To put it simply, a credit score of 680+ is required to qualify for the best mortgage rates in Canada in 2021. But trust us, there’s a lot more to know about credit scores and how they affect your mortgage rates and options. Nearly half of all Canadians (47%) don’t even know where to check their credit scores! Whether you’re getting your updated credit score sent to you every month, or you’re not even sure what your score is, there’s a lot to learn about what they are and how they’ll affect your mortgage experience.

Why Does The Score Matter?

Your credit score is a fast pass to great mortgage rates and excellent terms. It’s essentially proof that you can be trusted to make payments if you’re given a loan of any kind. A high credit score means you’ll unlock access to the best mortgage rates on the market and have more flexibility when it comes to the terms and conditions associated with a mortgage. It also means you could save upward of six figures worth of interest over the course of your lifetime!

Since credit scores have become an integral part of our financial lives, it’s more important than ever to keep track of yours and understand how your actions affect the numbers.

How Do I Know If My Score Is Good?

In Canada, your credit score ranges from 300 – 900, with 900 being a perfect score. If you have a score between 780 – 900, that’s excellent. If your score is between 700 – 780, that’s considered a strong score and you shouldn’t have too much trouble getting approved with a great rate.
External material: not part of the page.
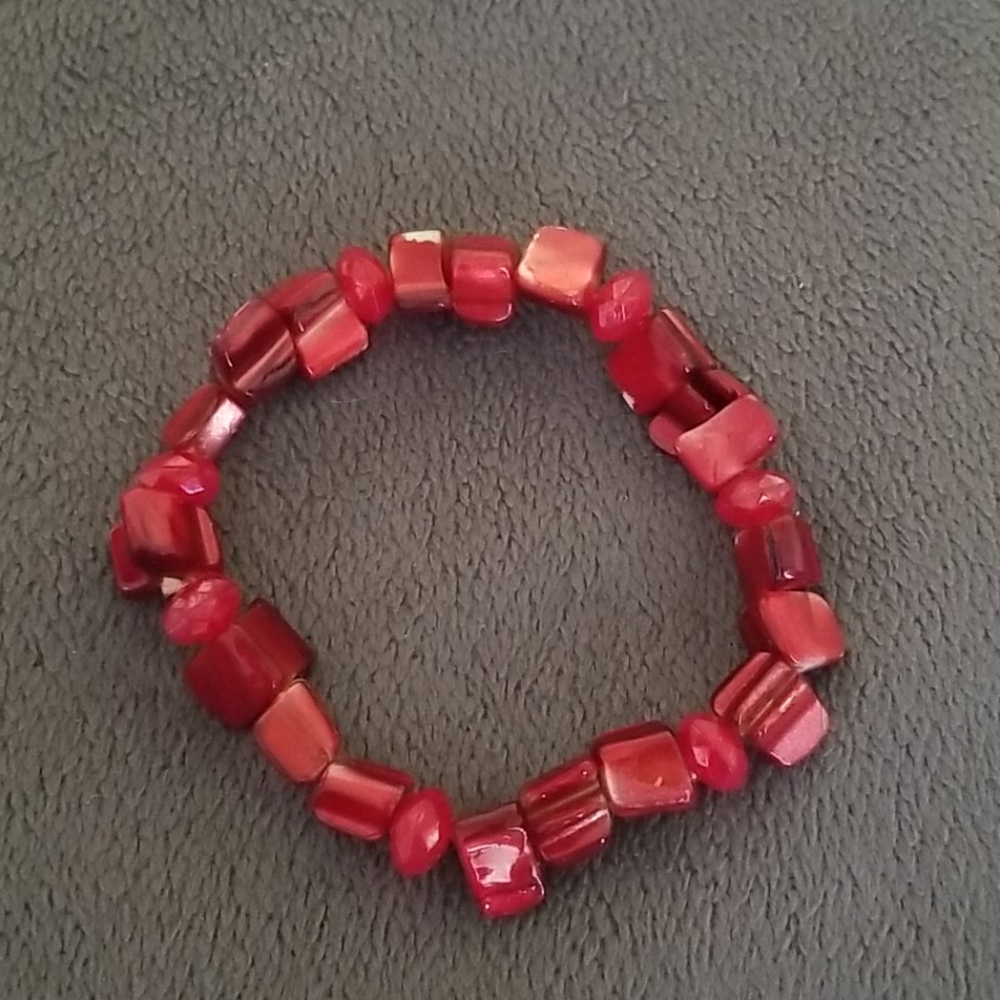 Elastic Red Bead Bracelet - Picture 2 of 5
When you start hitting 625 and below, your score is getting low and you’ll start finding it more and more difficult to qualify for the best mortgage rates.
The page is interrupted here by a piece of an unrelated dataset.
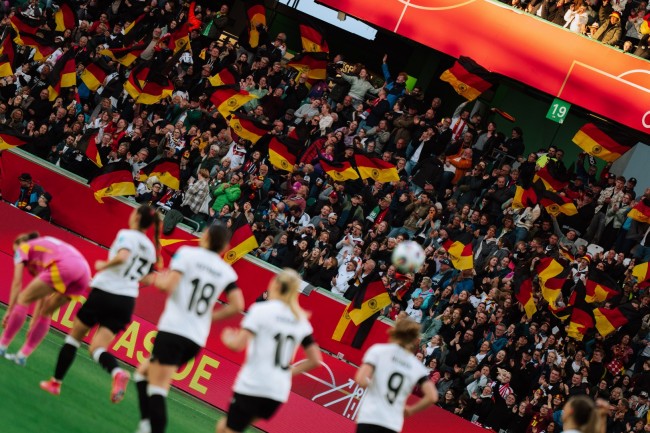 Spanje overleeft de Duitse aanval en alles wordt beslist in de tweede wedstrijd van de Women's Nations League: 0-0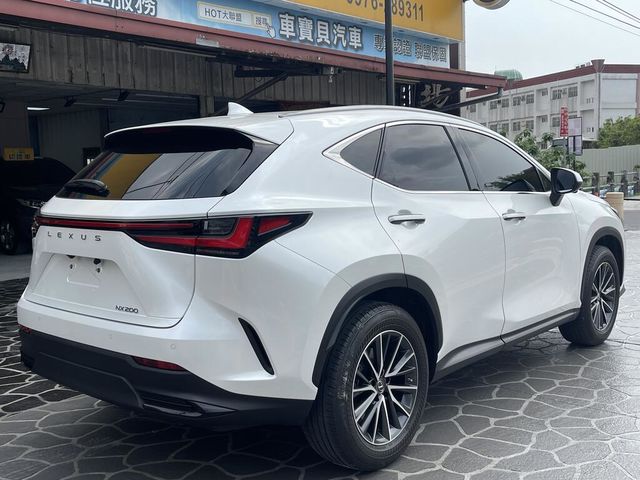 LEXUS凌志 NX200  第5張相片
What If I Have Bad Credit?

There are a few different things you can do if you’re worried about your bad credit/low credit score:

Choose Your Mortgage Lender Wisely
If your score falls below 600, you’re going to have a very difficult time getting approved through Canada’s major banks. So instead, you’ll more than likely want to work with an alternative lender. These lenders are definitely more lenient, but you’ll likely have to make a higher down payment (think 20 – 35%) and deal with higher interest rates, so approach with caution.

Make A Larger Down Payment
If you need another way to demonstrate your financial stability to lenders, consider making a larger down payment of 20% or more to show that you have a sizeable income and budgeting prowess.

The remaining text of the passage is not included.